Why do head gaskets fail on some Subaru models?
The Subaru EJ25 2.5-liter Boxer is the engine that has experienced the most problems for the Japanese automaker. The gasket material they used in this engine was unreliable and Subaru attempted to correct the issue in 1999 with an updated multilayered metal shim gasket. But some 2001-2009 engines still had the problem.
Consumer Reports says the older Subaru models using this engine will typically start to have head gasket issues around 90,000 to 150,000 miles. The reason the Boxer engine seems to be more prone to have this problem is because of the engine design.

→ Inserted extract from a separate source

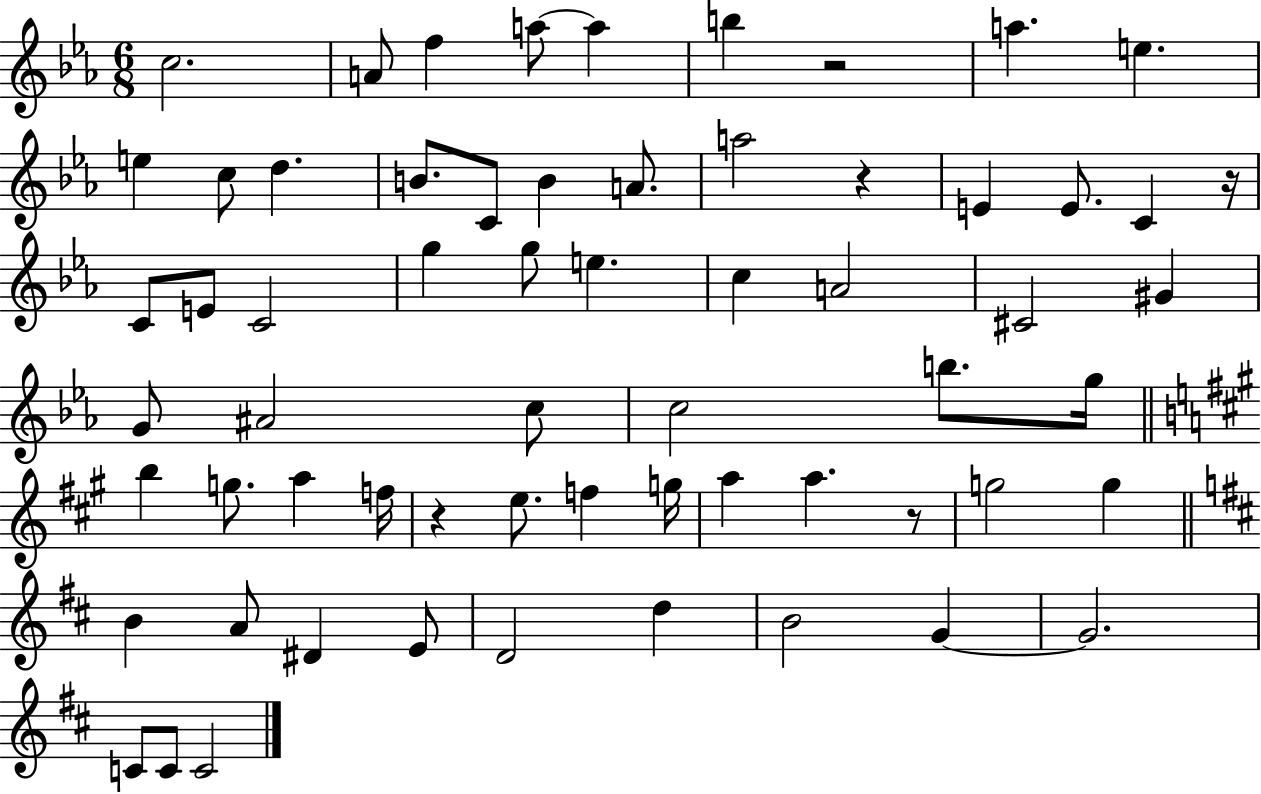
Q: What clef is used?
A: treble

Subaru uses the Boxer engine which has a horizontal design and pistons lay flat in the cylinder. When the engine is turned off, the fluids tend to pool next to the head gaskets instead of draining, and over time acids in the fluids eat away at the seals. The gaskets deteriorate and oil and coolant fluids start leaking.
How much will head gasket repairs cost? If the head gasket needs to be replaced, it will cost at least $1500 for parts and labor. The parts don’t cost much, it’s the labor to pull the engine that is most of the repair bill.
What are the signs of a faulty head gasket?
The signs that a Subaru engine might need the head gaskets replaced are white exhaust from the tailpipe, milky white oil on the dipstick, the engine overheats, and exhaust bubbles in the coolant reservoir.
What if you already own an older Subaru Forester, Outback or Impreza?
There are many older Subarus with 200,000-250,000 miles on them and they’ve never had problems. You can extend the life of the head gaskets by doing a few things; Change the oil regularly (every 3,000 miles), swap out the old engine coolant with fresh antifreeze every 2-3 years, and keep batter terminals clean to reduce acidity in the cooling system caused by electrolysis.
Did Subaru fix this problem in newer engines?
After 2009, newer models using the EL25 2.5-liter engine should have far fewer head gasket problems because Subaru started using a multi-layered steel cylinder-head gasket. Starting in 2012, reports say the Japanese automaker redesigned the 2.5-liter engine in the Forester and Outback and has fixed the problem.
If you are looking to buy an older Subaru Forester, Outback, or Impreza, make sure you check the vehicle for engine leaks, pull the dipstick and check for a white milky substance, and most importantly, ask the owner for maintenance records. If the vehicle has been serviced regularly, it’s far less likely to need expensive engine repairs.
Denis Flierl has invested over 30 years in the automotive industry in a consulting role working with every major car brand. He is an accredited member of the Rocky Mountain Automotive Press and the founder of Subaru Report where he covers all of the Japanese automaker's models. More stories can be found on the Torque News Subaru page. Follow Denis on Facebook, Twitter, and Instagram.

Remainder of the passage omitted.